Tra i primi a conoscere la notizia, i lavoratori di Taranto container terminal da giorni in presidio davanti alla sede dell’Authority, ieri interrotto. Il verdetto del Tar, infatti, consente di sbloccare subito il cantiere della banchina - mai partito ad un anno dalla formale aggiudicazione dei lavori - e di dare anche un segnale positivo a Tct ed Evergreen che, proprio a causa dei ritardi, avevano ridotto la loro operatività a Taranto. «Adesso bisogna arrivare al più presto al vertice alla presidenza del Consiglio con le parti firmatarie dell’accordo sul porto. Serve una nuova messa a punto degli impegni di ciascuno» commenta Prete. Vertice che potrebbe tenersi tra il 15 e il 16 prossimi con la presenza, all’esterno della sede dell’incontro, dei lavoratori portuali che andranno a Roma in pullman insieme ai sindacati.
Tornando all’ordinanza del Tar, i giudici, sul punto specifico della contribuzione, osservano che «l'impresa deve essere in regola con l'assolvimento degli obblighi previdenziali e assistenziali fin dalla presentazione dell'offerta e conservare tale stato per tutta la durata della procedura di aggiudicazione e del rapporto con la stazione appaltante».
Invece, osservano i giudici, «la posizione contributiva dell'aggiudicataria non risulta ininterrottamente regolare in quanto è certo che i Durc del 14.3.2014 e del 6.5.2014 non risultano regolari con riferimento ai versamenti di premi e accessori per gli anni 2013-2014, sicchè gli stessi legittitamente inficiano anche l'aggiudicazione definitiva». Questa «irregolarità», dice il Tar, è stata riscontrata al momento della dichiarazione prodotta in sede di partecipazione alla gara (23.1.2013), all’aggiudicazione (20.11.2013) e anche nel perfezionamento «della cessione del ramo d’azienda» (8.2.2014). Il cessionario o l'affittuario, rileva il Tar, possono essere ammessi all'aggiudicazione e alla stipulazione ma solo «previa verifica dei requisiti».
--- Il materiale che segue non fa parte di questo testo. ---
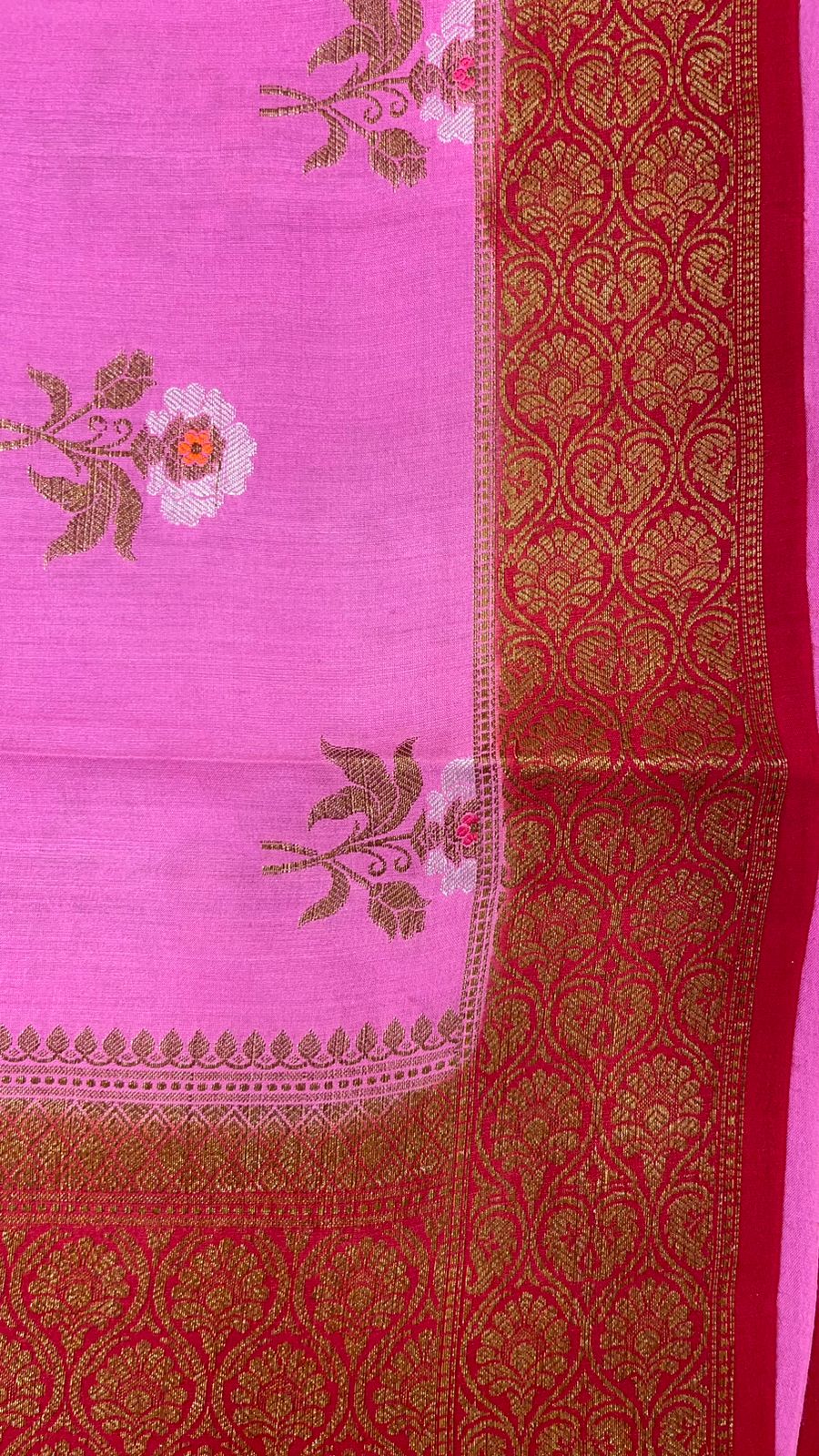 Radiant Elegance: Faishana Pure Silk Handloom Pink Muga Silk Saree with Zari Mina Floral Booti and Contrasting Red Anchal Copper Zari Border and Paired with a Red Blouse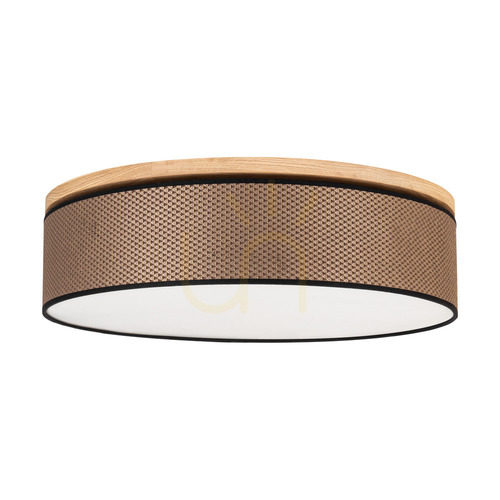 Verifica Lampa de tavan Mercedes, stejar uleiat, abajur maro-negru-auriu, 4xE27, Ø58 cm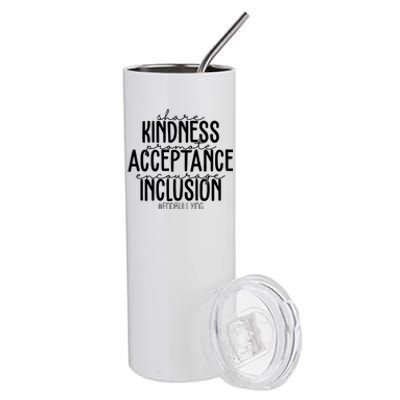 Share Kindness Promote Acceptance Encourage Inclusion End Bullying Stainless Steel Tumbler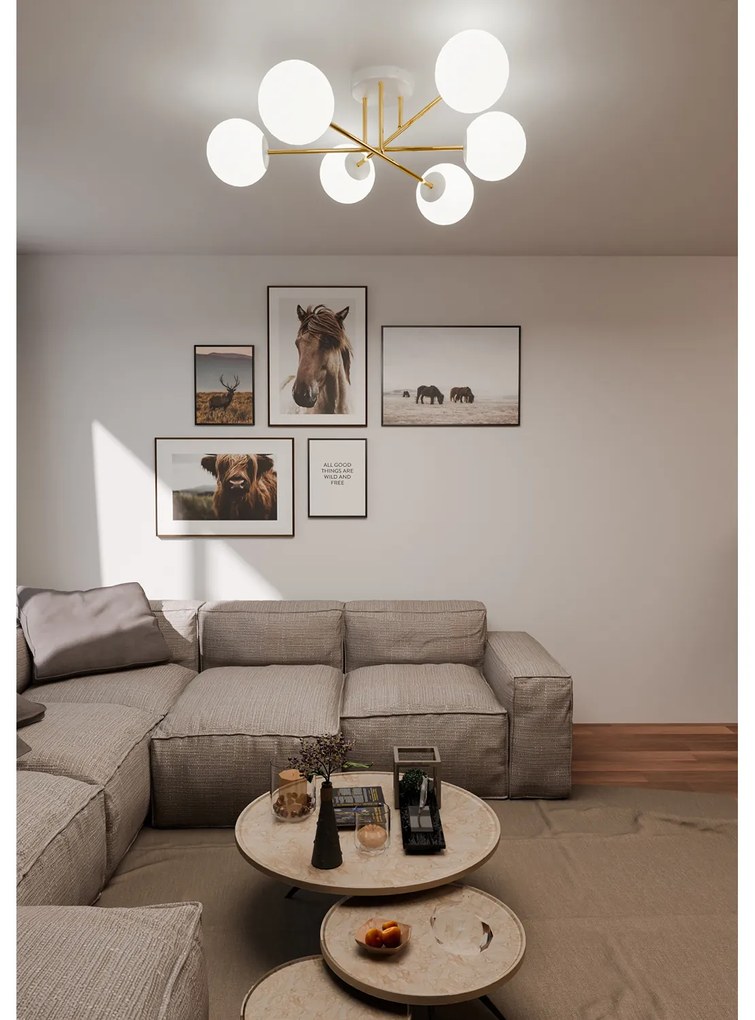 Plafoniera Moderna Magnium 6 Luci In Acciao Oro E Sfere In Vetro Bianco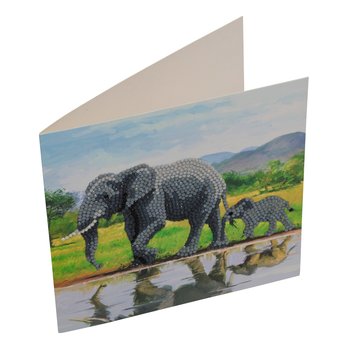 CRYSTAL ART Kit carte broderie diamant 18x18cm ElÈphants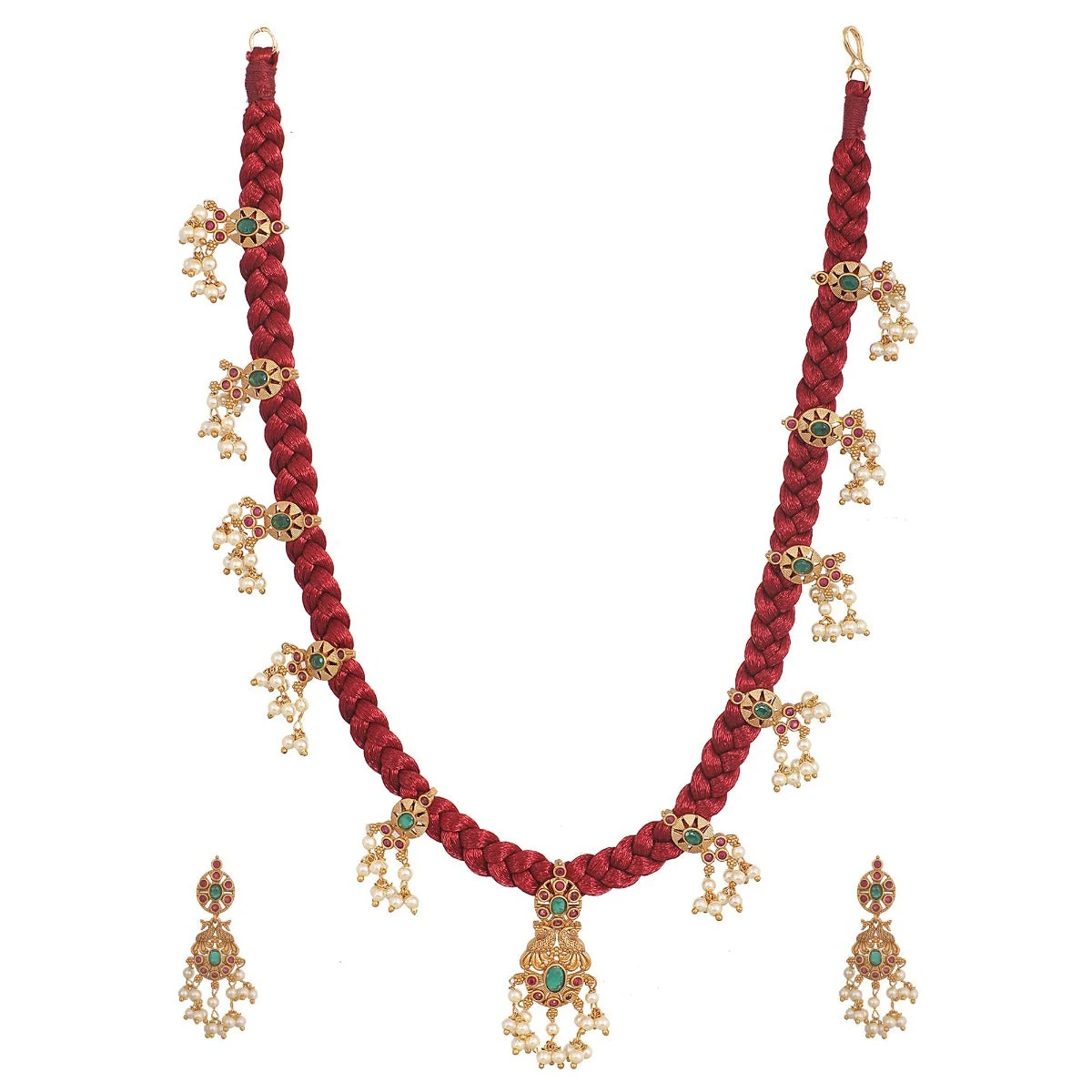 Premium Antique Gold Plated Lalita CZ Pendant Dori Necklace Earrings Set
Infine «le cessioni di azienda e gli atti di scissione non hanno singolarmente effetto nei confronti delle stazioni appaltanti fino a che il cessionario o il soggetto risultante dall’avvenuta trasformazione non abbia documentato il possesso dei requisiti di qualificazione previsti». Perchè, conclude il Tar, «la sostituzione del cessionario al cedente non determina l’irrilevanza delle situazioni di irregolarità contributiva nella quale il cedente versava».